## Action item
Every line below from the one with "Cucinosano.it Screenshot 2024-05-04 15:44:27" through the one with "Tiger Blend In" should be retyped exactly, both ends included; no other lines and no pictures.

## Data records
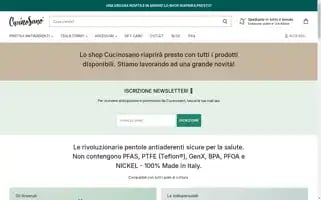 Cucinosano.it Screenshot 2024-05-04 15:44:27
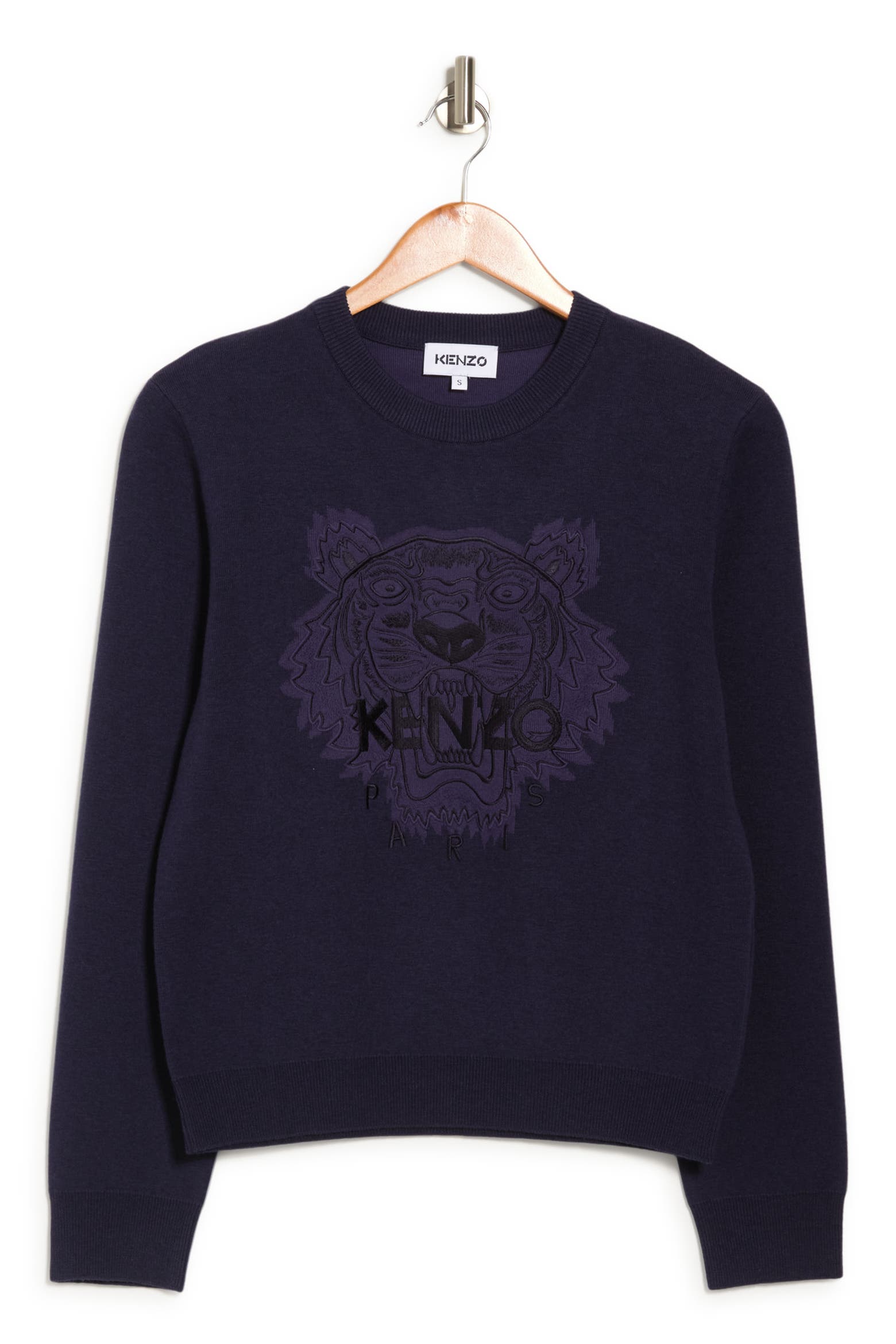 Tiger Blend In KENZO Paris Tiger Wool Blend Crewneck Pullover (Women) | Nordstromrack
--
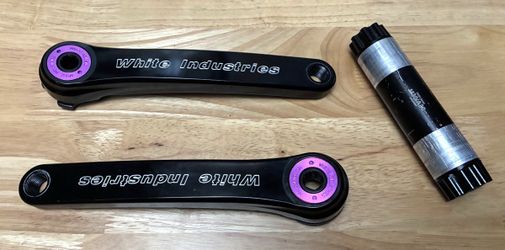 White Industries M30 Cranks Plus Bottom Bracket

## Written reply
 Cucinosano.it Screenshot 2024-05-04 15:44:27
 Tiger Blend In KENZO Paris Tiger Wool Blend Crewneck Pullover (Women) | Nordstromrack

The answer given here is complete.